Living At Home Is Way Cool

This is a guest post I originally submitted to The Lost Art of Self-Preservation. Please read and comment on it there.

If you’re young and live in the same city as your parents, you should seriously consider moving back in with them.

I’m almost twenty-six years old. I live with my Dad and it’s great. I have zero plans to move out any time soon. My choice isn’t one that everyone can make, but if moving back in with Mom and/or Dad is an option, you’re a fool if you dismiss the idea out of hand.

Consider the huge advantages of living at home. Between rent, bills and food, you’ll save $2-3000 a month compared to living a comfortable yuppie lifestyle, and ~$1000 a month compared to living a starving student lifestyle. Also, your parents probably have a car, so there’s another $500-1000/month in lease, repairs, insurance (being a secondary driver is much cheaper) and other car-related costs.

If you have a low-paying job, your only alternative to staying at home is to live like a bum and have zero savings. If you have a good job, living at home means an extra $30,000 in your bank account at the end of each year.

Then there are the non-financial benefits. These will be different for everyone, but for me:

– My father cooks all the time (and most of it is Paleo-friendly).
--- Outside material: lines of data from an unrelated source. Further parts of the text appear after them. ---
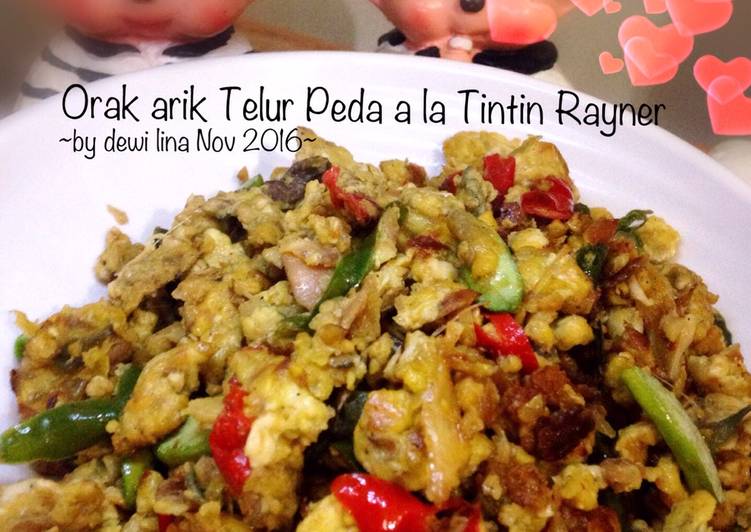 resep masakan Orak arik Telur Peda a là Tintin Rayner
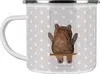 Mr. & Mrs. Panda Teetasse Bär Schaukel - Grau Pastell - Produktbild-Vorschau 1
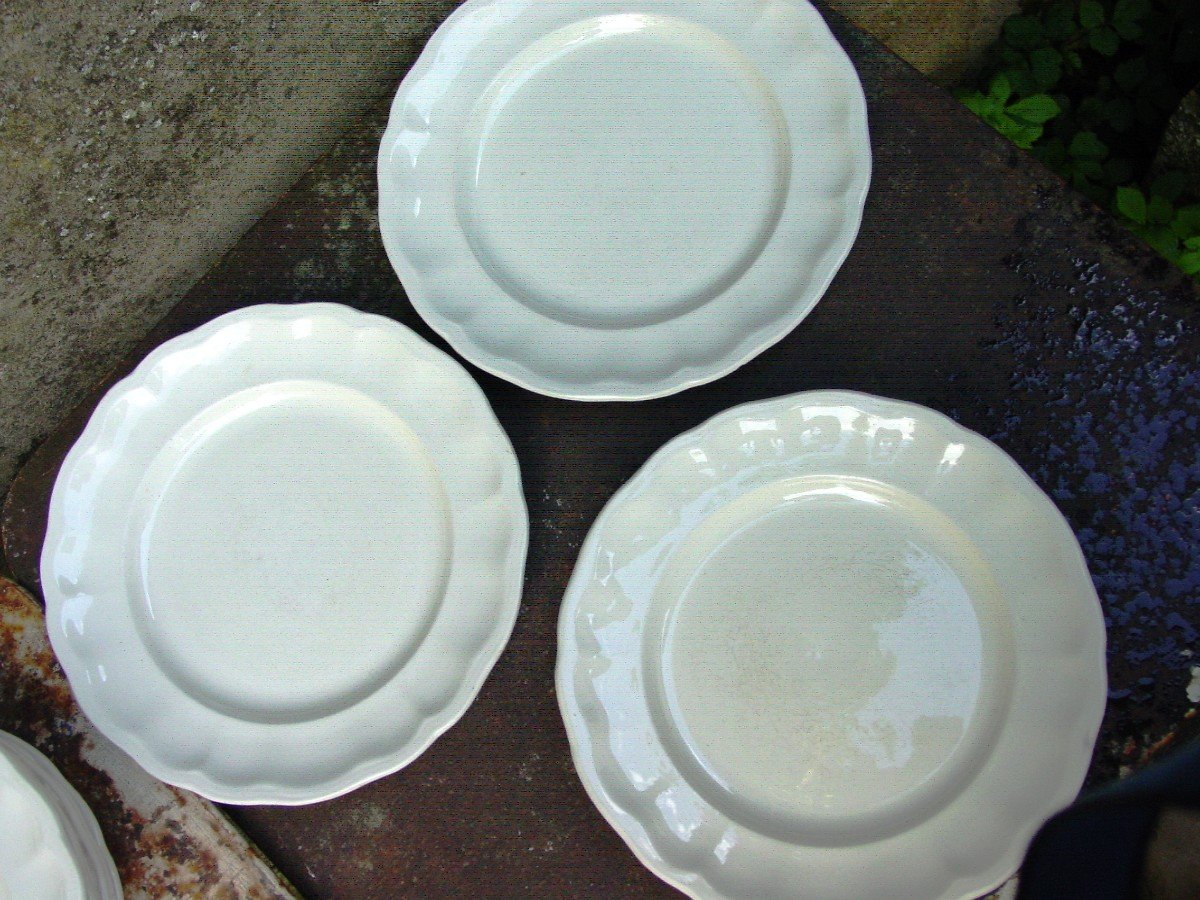 Set Of 25 Kg Lunéville Half-porcelain Plates-photo-3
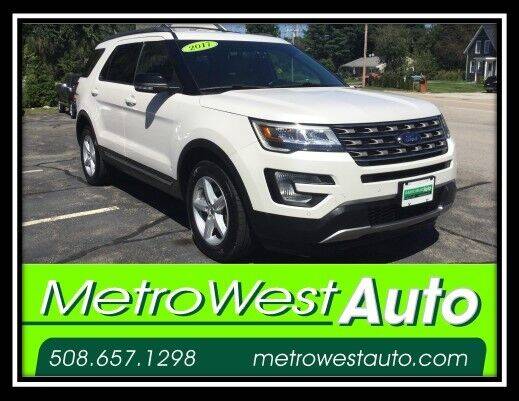 2017 Ford Explorer for sale at Metro West Auto in Bellingham MA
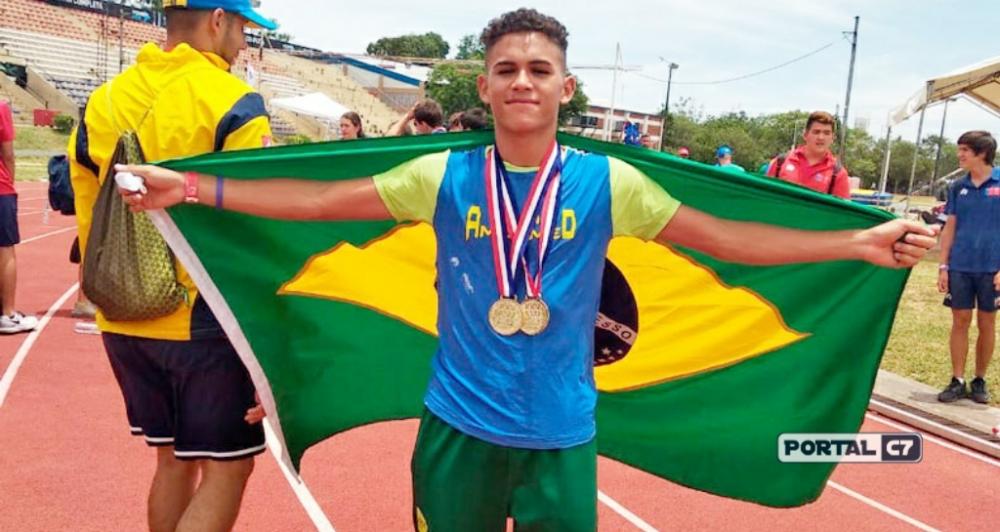 Atleta de Monsenhor Gil conquista 2 ouros no Paraguai; imagens 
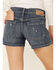 Ariat Women's Mid Rise Boyfriend Shorts, Blue, hi-res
Our fridge is always filled with leftover pot roasts, chilis, and hunks of meat. This saves me 3-5 hours of food prep time every week.
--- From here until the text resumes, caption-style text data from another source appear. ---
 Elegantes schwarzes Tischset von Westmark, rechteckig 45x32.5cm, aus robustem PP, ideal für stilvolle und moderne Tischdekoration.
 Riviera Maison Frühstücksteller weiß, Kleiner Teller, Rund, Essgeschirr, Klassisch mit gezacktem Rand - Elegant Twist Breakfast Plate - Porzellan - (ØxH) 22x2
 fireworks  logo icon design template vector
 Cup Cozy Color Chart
– I get to hang out with a crazy, fun, energetic dog while only having to take him out for a run whenever I feel like it.

– Living in an apartment would be a pain in the ass with my skis, bike, and sweaty hockey equipment

So what about the drawbacks?

Well, I live in the suburbs. This is great when I want to walk through my backyard and go for a run through a forest, but I would like to live somewhere more central. Sometimes I’d rather have the privacy of living solo (although in a big house with just my father and I, it’s not much of an issue.) Lastly, I may be nice to have around at times, but I also realize that I am imposing on my father to some extent.
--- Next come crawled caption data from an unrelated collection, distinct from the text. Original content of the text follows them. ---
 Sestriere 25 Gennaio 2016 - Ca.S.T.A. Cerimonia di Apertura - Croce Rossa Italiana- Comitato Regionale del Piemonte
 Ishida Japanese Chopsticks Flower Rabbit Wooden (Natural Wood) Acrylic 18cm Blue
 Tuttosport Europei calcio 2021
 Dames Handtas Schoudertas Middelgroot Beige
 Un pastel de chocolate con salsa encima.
These are all valid objections, but it’s clear that the pros far outweigh the cons. Of course, I’ve left out one big one.


What the hell do I do when I want to bring a girl home?

Simply, I don’t.

I only date women who have their own apartments. Or, awkwardly, girls who live at home but with stupid and/or sexually liberal parents.

Doesn’t that make me a selfish parasite? Sure. But haven’t you heard? Selfishness is in. Parasitism is the new pink. Rule #1 of living at home: Always keep a stable of regulars with comfortable, centrally-located apartments.

So what do I do when I meet a pretty girl and she lives with her parents or judgemental roommates? I convince her to invite me over anyway. Occasionally, I’ll invite her over to my place, since my father doesn’t even really care – I just consider it a bit rude, and unnecessary. When two people want to bang, logistics have a way of taking care of themselves.

But aren’t girls turned off by my living situation? Nope. At least, rarely. Lots of girls (and guys) like to tease me about it. But few girls actually lose attraction, and once I explain my reasons, the fact that I’m doing something smart and unconventional is hot. Party girls who just want to fuck don’t give a shit about your apartment, and they’ll like that you don’t give a shit either. You’re appealing to their lust for an unemployed but interesting bum (even if you have a job). Good girls will admire you for bucking the conventional wisdom, saving money for your (Cue hamster wheel: “OUR!!!??!”) future, and staying close to your family.

And staying close to your family is, believe it or not, a good thing over and above the fact that it moistens panties. My father is one of my best friends, and it’s nice to see him on the 3-4 days per week that I sleep at home. I’ve taught him a thing or two about yoga, weight training, paleo eating and, believe it or not, Game, and the old man still has a few lessons to teach me as well.

One of the worst evils of our postmodern age is the gradual breakdown of family and friendship, the destruction of the social bonds that hold us together. The cultural stigma against adults living with their parents is just one small front in a culture war that seeks to tear us apart at the seams. Reaping the benefits of living with your parents – and paying them back when their age advances, their health declines, and you are their only alternative to a cold, gray nursing home – is a small act of rebellion against those who wish to rob that from us.